ABOUT THIS TASK:
Once the line with "Girl Pink Bow" is found, write it out along with each later line exactly, through the end of the entries, skipping every picture.

GIVEN DATA:
------------

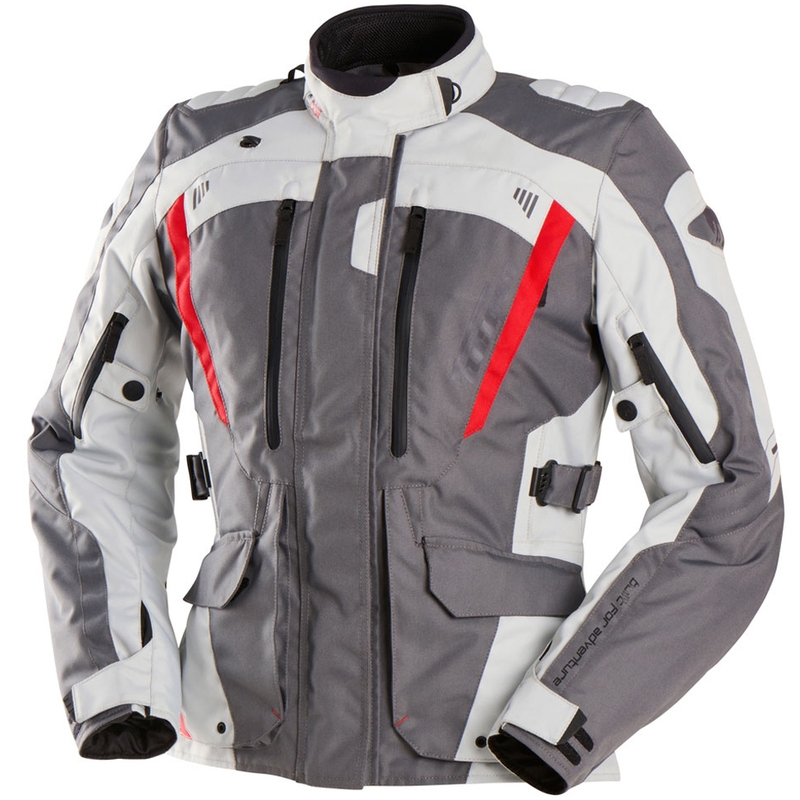 Giacca da moto da donna Furygan Apalaches Lady Evo grigio-beige-rosso
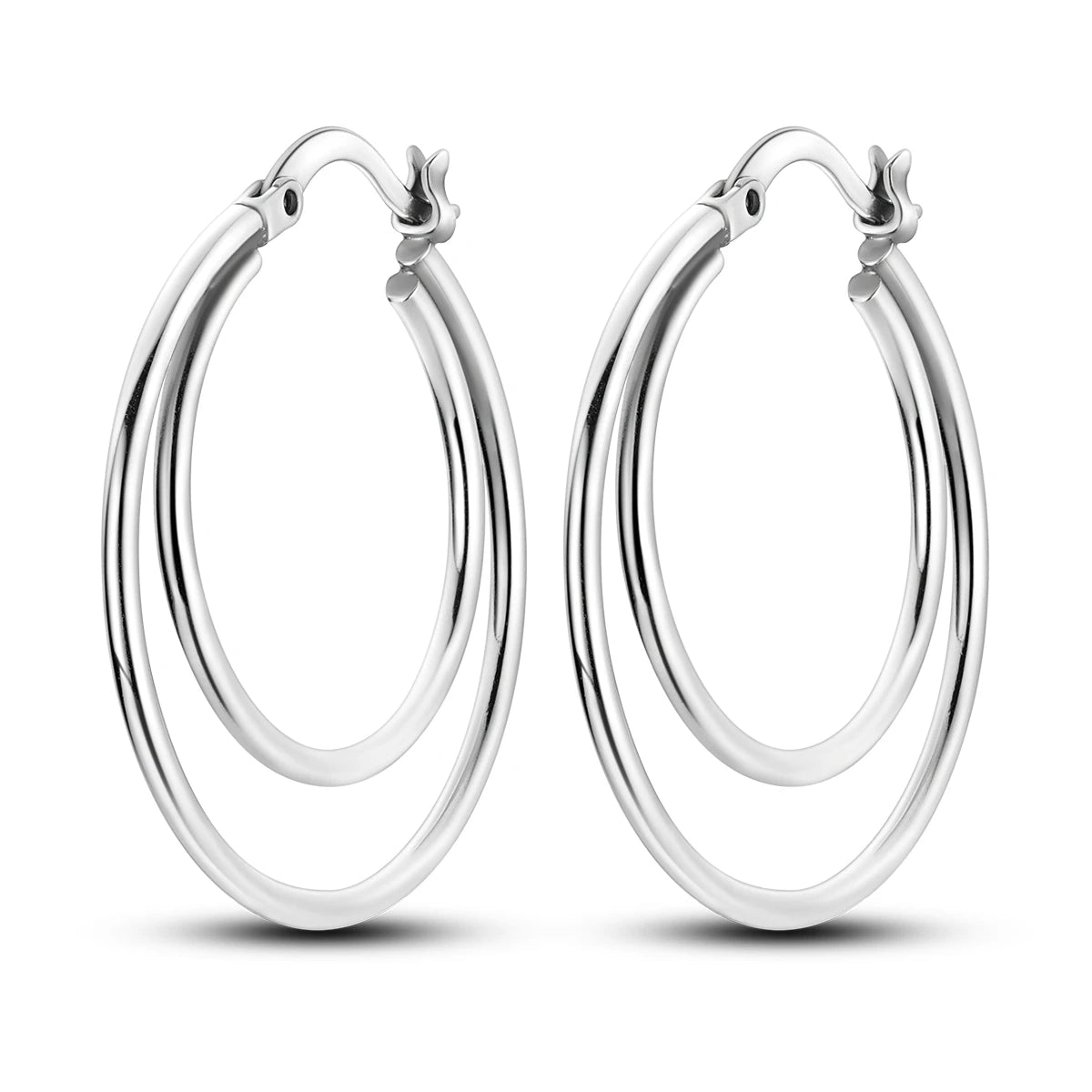 CYCUFF S925 Sterling Silver Zircon Simple Geometry Big Double Ring Earrings Birthday Party Gift Trend 2025 Jewelry Women Earring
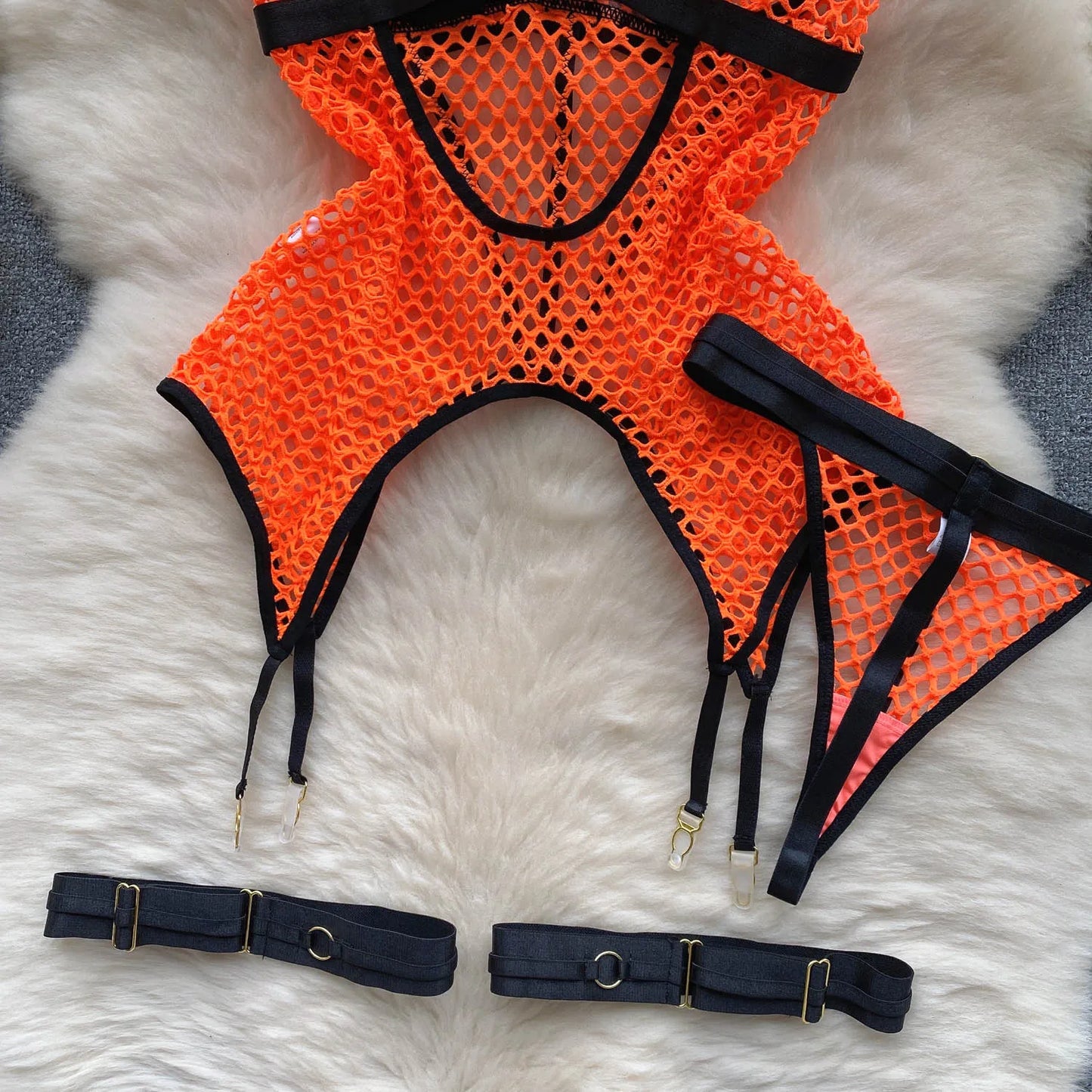 SINGREINY 2023 Sheer Mesh Sexy Lingerie Three Pieces Sets Halter Steel Splice Ring Top+Thongs Erotic Hollow Out Underwear Suits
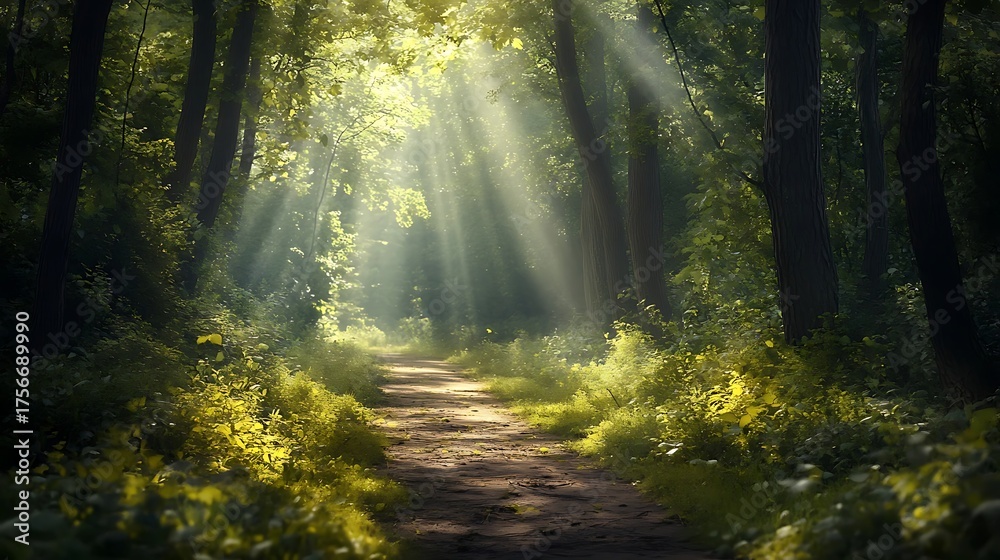 Fototapeta premium Morning sun rays pierce the misty forest path through autumn trees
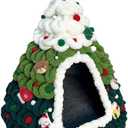 Knitted, Christmas Tree, Pet Bed, Cozy Handcrafted Cat & Small Dog Sleeping Nest, Easy to Knit, DIY (Medium, E)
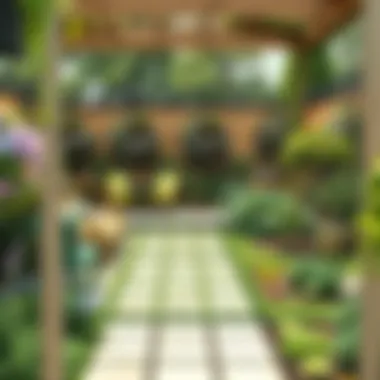 Organized garden space with pathways and seating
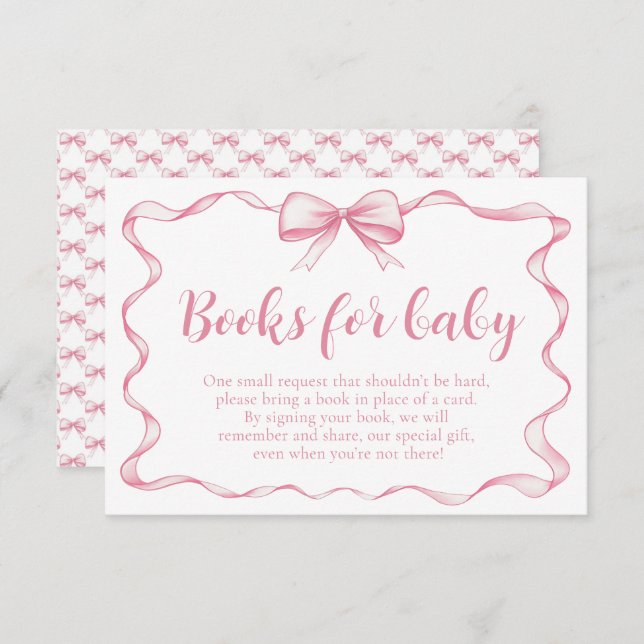 Girl Pink Bow Baby Showbücher für Babykarte Einladung (Vorne/Hinten)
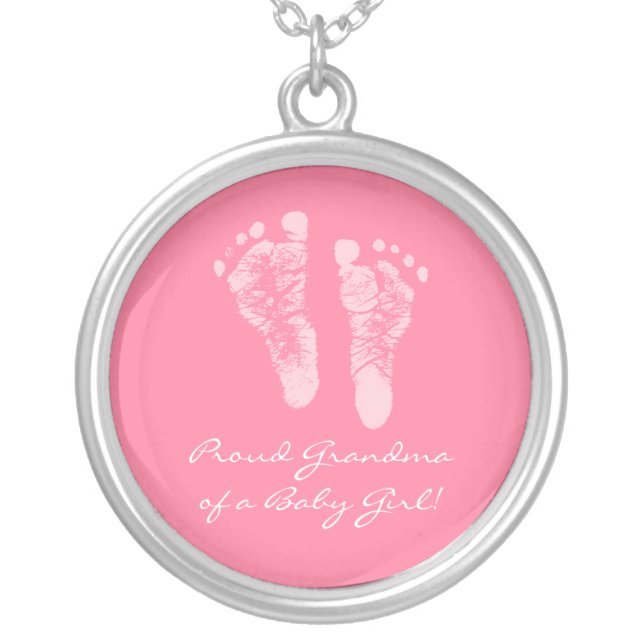 Proud Grandma of a Baby Girl Pink Footprints Silver Plated Necklace (Front)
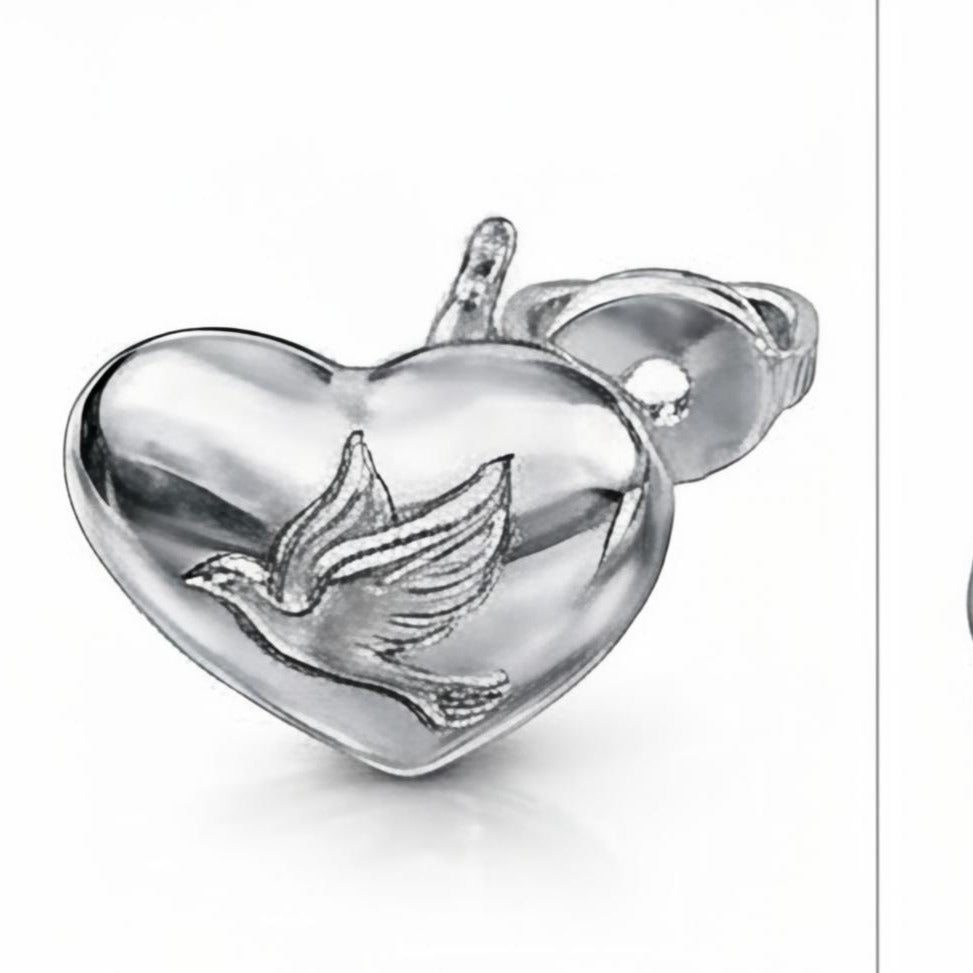Love Dove Heart Stud Earrings | 925 Sterling Silver & Brass | Romantic Jewellery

------------

WRITTEN SOLUTION:
 Girl Pink Bow Baby Showbücher für Babykarte Einladung (Vorne/Hinten)
 Proud Grandma of a Baby Girl Pink Footprints Silver Plated Necklace (Front)
Love Dove Heart Stud Earrings | 925 Sterling Silver & Brass | Romantic Jewellery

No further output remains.